Adaptability, then, is the order of the day, says Gilleard. “Getting that top-of-the range BMW, a flat in town and the job you have wanted from childhood is still within your grasp, but you need tenacity, flexibility and a rigorous approach to managing your career just as much as you need a good degree.”
While Gilleard and his organisation are currently urging employers not to abandon their graduate recruitment programmes – “They’ve done that before and it costs an awful lot financially and in terms of firms’ reputations to get them back on track” – he accepts that there will be fewer vacancies, particularly in financial services, this winter.
His advice to new graduates is to be far more aware of overall market forces in employment – “the private sector may be contracting, but the public sector is still in expansionist mode,” he notes – and to be more flexible in terms of who they approach.
Being more mobile with regard to where you are willing to work is another tip, as is learning patience when it comes to getting a foot on the first rung of the career ladder.
“Smaller firms based in the knowledge economy are highly committed recruiters of graduates, but too many job-seekers will still only look at the great big global players that dominate careers fairs and graduate recruitment campaigns,” he says. “Similarly, the trend to go to your home university has all sorts of practical advantages, but if you aren’t prepared to be geographically mobile during a recession, then you will limit your career opportunities still further.”
It is also important, he adds, to explore different ways to get a foothold in your dream industry. “I think it would be totally laudable to consider studying for an MA or PhD just now, just as long as you understand exactly how a second or third degree will benefit your long-term employability.
Never tell future recruiters that you undertook this or that course because there were no jobs in your chosen field at the time, though – they won’t be impressed.”
For those graduates who decide to wait for better economic news before entering the job market, Gilleard suggests looking beyond purely academic options.
“If you know from your research into your chosen field that what you still lack is a firm grounding in IT, or in project management, then you should either use the coming year to sharpen your skills at an FE college, or take a job that will build up your general business awareness in a field unrelated to your long-term career plan.”
He adds: “Many people in their mid twenties find that they are actually far more employable and confident after a period spent away from study, so you shouldn’t assume that you have to be 21 and fresh from university to stand any chance of making it.”
If the most pressing challenge for the Association of Graduate Recruiters is to persuade employers not to curtail graduate recruitment plans when things are tight, Gilleard, who has notched up 10years in the chief executive post, also sees its role as bridging the still considerable gap between industry and higher education.

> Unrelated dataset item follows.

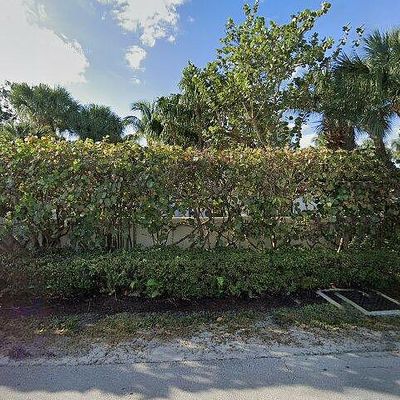 66 Marina Gardens Dr, Palm Beach Gardens, FL 33410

“Although the association has built a fantastic reputation in the recruitment arena, we feel we have far more to offer in terms of how graduates are developed once they’ve been hired,” he says. “As long as employers continue to complain – and it’s not a new gripe – that graduates lack basic literacy skills or communication nous, it appears that there is far more work to be done in terms of boosting sheer employability among these very academically bright young people.”
Ultimately, however, Gilleard’s message is that however hard you study, a degree won’t automatically open the right doors. “Going to a prestigious university may make the initial recruitment stages go more smoothly, but in the long term,what employers are really looking for is an understanding of what their business needs along with a willingness to get the extra training, or even work experience, that they require,” he says.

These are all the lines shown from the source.